Jose said:
If you have an XP problem later, the first thing I would be reaching
for is a bootable XP installation CD instead of the Emergency Start-Up
CDs. Those are good for their emergency but may be useless for any
future emergency you have with your new computer.
This is the way it is with most OEM machines. Most end users are not going
to buy a generic OEM version of XP [whatever version] just to have "in
case". I believe you are confusing a real "emergency startup CD" with what
the OP actually asked about - the fact that when trying to make her Recovery
Disc Set it failed.
However, HP probably decided not to provide you one with your
perfectly legitimate installation of Windows XP. Too much overhead
and expense for them.
How rude. You can make them send you one though, but you have to be
more rude than they are.
It has been this way for years and rudeness has nothing to do with it. And
certainly the OP can get a Recovery Disc Set from HP. She doesn't have tobe
rude at all (in fact rudeness will be self-defeating) - just pay the $20 or
so fee. HP will not send them a full operating system disk, rude or not.
It is good that you are planning a strategy to help fix potential
problems in the future. Keep all those specs handy someplace in case
you need them later!
You can't make a bootable XP installation CD without a bootable XP
installation CD, but you can make a bootable XP Recovery Console CD
yourself if you have Internet access, a CD burner and a blank CD.

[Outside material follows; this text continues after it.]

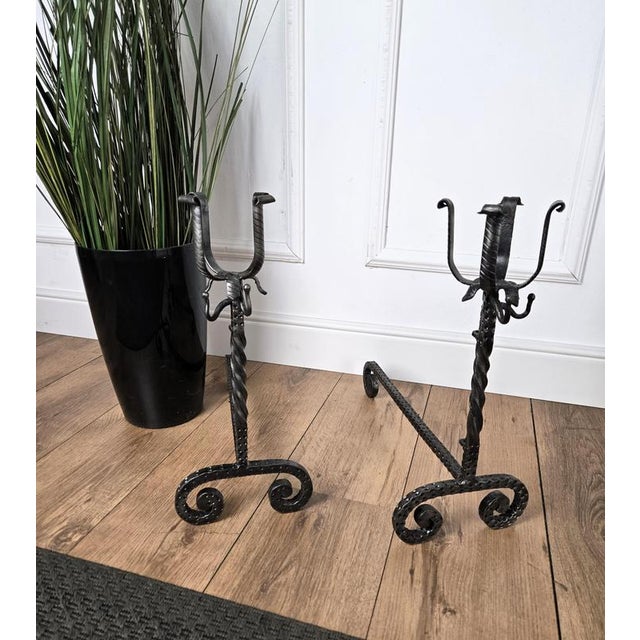 Antique wrought iron Italian andirons log holder, having two beautiful classic shapes with the great handmade craftmanship...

This could be very valuable when your machine is broken and you find
yourself needing one and not having it.
Not really. The Recovery Console is only useful in a few specific instances.
Most of the time what is really useful are tools that allow you to work
outside of the operating system such as a Bart's PE, Linux Live CDs, and
some specialized recovery software not generally available to the public.